Apache Spark is an open-source distributed computational framework that is created to provide faster computational results. It is an in-memory computational engine, meaning the data will be processed in memory.
Spark supports various APIs for streaming, graph processing, SQL, MLLib. It also supports Java, Python, Scala, and R as the preferred languages.
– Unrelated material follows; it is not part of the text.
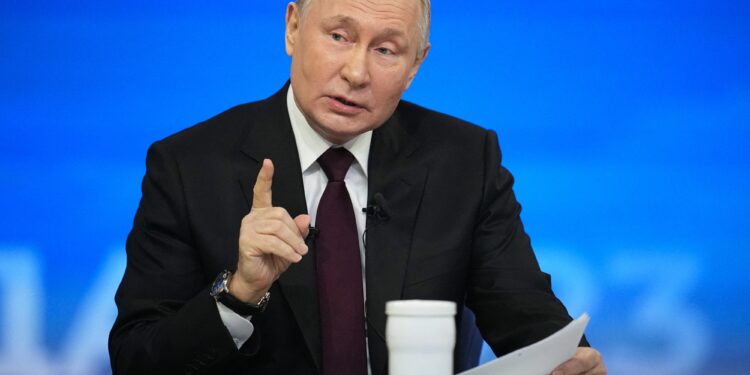 Putin Signals Willingness for Talks on Ukraine, Vows to Defend Russian Interests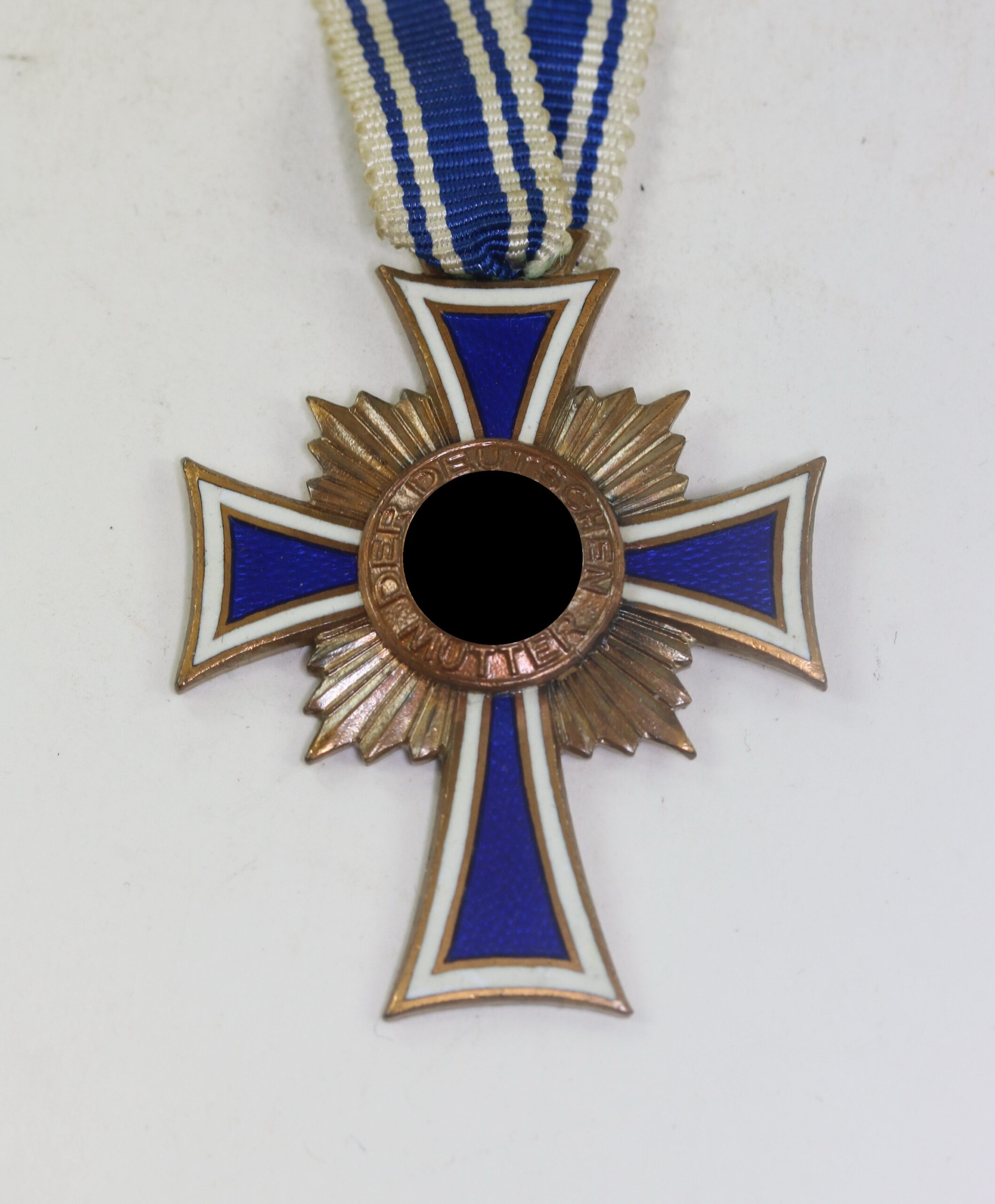  Mutterkreuz in Bronze, Ehrenkreuz der Deutschen Mutter – Bild 1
Spark is mostly installed in Hadoop clusters but you can also install and configure spark in standalone mode.
1) Install Java
java -version
# If java is not installed, install it:
sudo apt update
sudo apt install default-jre
java -version
2) Install Scala
sudo apt install scala
scala -version
3) Create “spark” user
sudo addgroup spark
sudo adduser --ingroup spark spark
sudo usermod -a -G hadoop spark
4) Install Spark
wget https://dlcdn.apache.org/spark/spark-3.1.2/spark-3.1.2-bin-hadoop3.2.tgz
tar -xvzf spark-3.1.2-bin-hadoop3.2.tgz
sudo mv spark-3.1.2-bin-hadoop3.2.tgz /opt/spark
sudo chmod -R 755 /opt/spark/
sudo chown -R spark:spark /opt/spark
visudo
##------------------------------
# User privilege specification
root ALL=(ALL) ALL
spark ALL=(ALL) ALL
##------------------------------
sudo su - spark
5) Configure Environment Variables for Spark
sudo su - spark
echo "export SPARK_HOME=/opt/spark" >> ~/.profile
echo "export PATH=$PATH:/opt/spark/bin:/opt/spark/sbin" >> ~/.profile
echo "export PYSPARK_PYTHON=/usr/bin/python3" >> ~/.profile
source ~/.profile
OR
sudo su - spark
sudo vim ~/.profile
# Add at the end of the file:
##------------------------------
export SPARK_HOME=/opt/spark
export PATH=$PATH:/opt/spark/bin:/opt/spark/sbin
export PYSPARK_PYTHON=/usr/bin/python3
##------------------------------
6) SSH Config – This is needed for Spark Slave
mkdir ~/.ssh
cd ~/.ssh/
ssh-keygen -t rsa -P ""
cat ~/.ssh/id_rsa.pub >> ~/.ssh/authorized_keys
sudo vi /etc/ssh/sshd_config
sudo /etc/init.d/ssh reload
7) Start Apache Spark
sudo su - spark
start-master.sh
start-workers.sh spark://localhost:7077
Spark Master should be available at http://<your-ip-address>:8080
Also check if spark-shell works fine:
spark-shell